Liability never goes on vacation, so think about what could cause you a problem before it starts. The following tips will help in preventing a Halloween premises liability lawsuit before it starts:

  • Keep Yard and Entryway Well‐Lit: Though darkness is a Halloween theme, it can pose a tripping hazard for trick o'treaters. If you have any low‐hanging decorations or other obstacles, be mindful of where they are placed to ensure no one gets hurt. If you plan to jump out and scare guests, don't do it anywhere near stairs.
  • Secure Extension Cords and Other Electrical Wiring: Safely secure extension cords and other electrical wiring so that nobody trips over them. Never staple or nail through wiring, and avoid overloading your electrical outlets.
  • How to Prepare for Trick o’Treaters
  • Use LED Lights and Battery‐Operated Candles: It's likely that one too many house fires prompted the invention of LED lights and battery-operated candles. Great for lighting‐up pumpkins and creating a spooky glow, non‐flammable lighting options are the way to go.
  • Avoid Combustible Decorations: In conjunction with non‐flammable lighting, avoiding decorations that are flammable is wise. Crepe paper, corn stalks, and other dried plant matter may look like Halloween, but a fire will certainly ruin the mood.
  • Avoid Offensive Decorations: Though having a bloody mannequin escaping a front yard grave may sound like a great Halloween decoration, your neighbors with small children may not agree. Avoid particularly gruesome decorations, and if you're not quite sure, err on the side of caution.
  • Keep Your Dog Away: If you have a pet, avoid a dog bite claim by putting the animal in a secure room in the house, or leaving him with a trusted friend or family member. Halloween and its creatures can be scary for pets, and an animal bite lawsuit would certainly be terrifying for you.

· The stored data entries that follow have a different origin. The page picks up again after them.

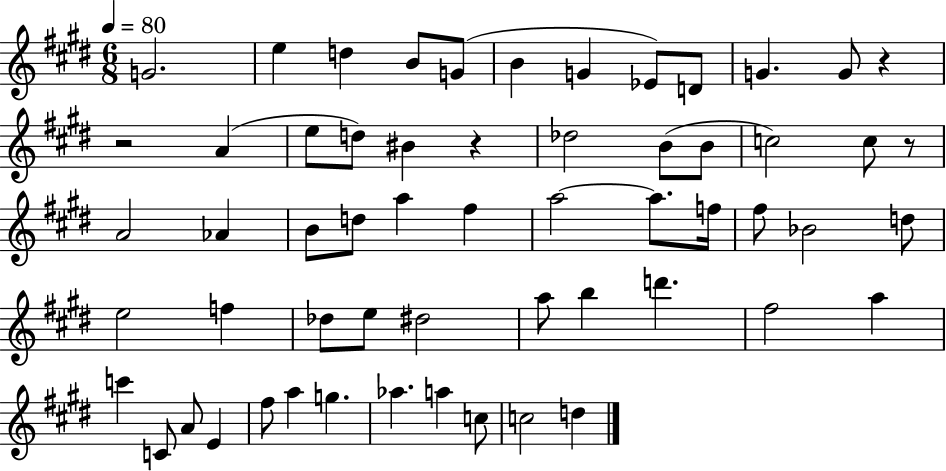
{
  \clef treble
  \numericTimeSignature
  \time 6/8
  \key e \major
  \tempo 4 = 80
  g'2. | e''4 d''4 b'8 g'8( | b'4 g'4 ees'8) d'8 | g'4. g'8 r4 | \break r2 a'4( | e''8 d''8) bis'4 r4 | des''2 b'8( b'8 | c''2) c''8 r8 | \break a'2 aes'4 | b'8 d''8 a''4 fis''4 | a''2~~ a''8. f''16 | fis''8 bes'2 d''8 | \break e''2 f''4 | des''8 e''8 dis''2 | a''8 b''4 d'''4. | fis''2 a''4 | \break c'''4 c'8 a'8 e'4 | fis''8 a''4 g''4. | aes''4. a''4 c''8 | c''2 d''4 | \break \bar "|."
}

For homeowners, Halloween is a wonderful holiday to showboat frightening decorating skills. In terms of liability, a little preparation goes a long way. Be sure to check your liability protection in your homeowners insurance policy before the big day, and of course, never run out of candy.

Costume Safety 101

There aren't too many things that are more adorable than munchkins running around dressed as superheroes, baby lions, princesses, and little cowboys. Unfortunately, there have been incidents where children have been harmed as a result of flammable clothing, costumes that can cause seizures, and accidents involving drivers that were unable to see pedestrians dressed in dark clothing.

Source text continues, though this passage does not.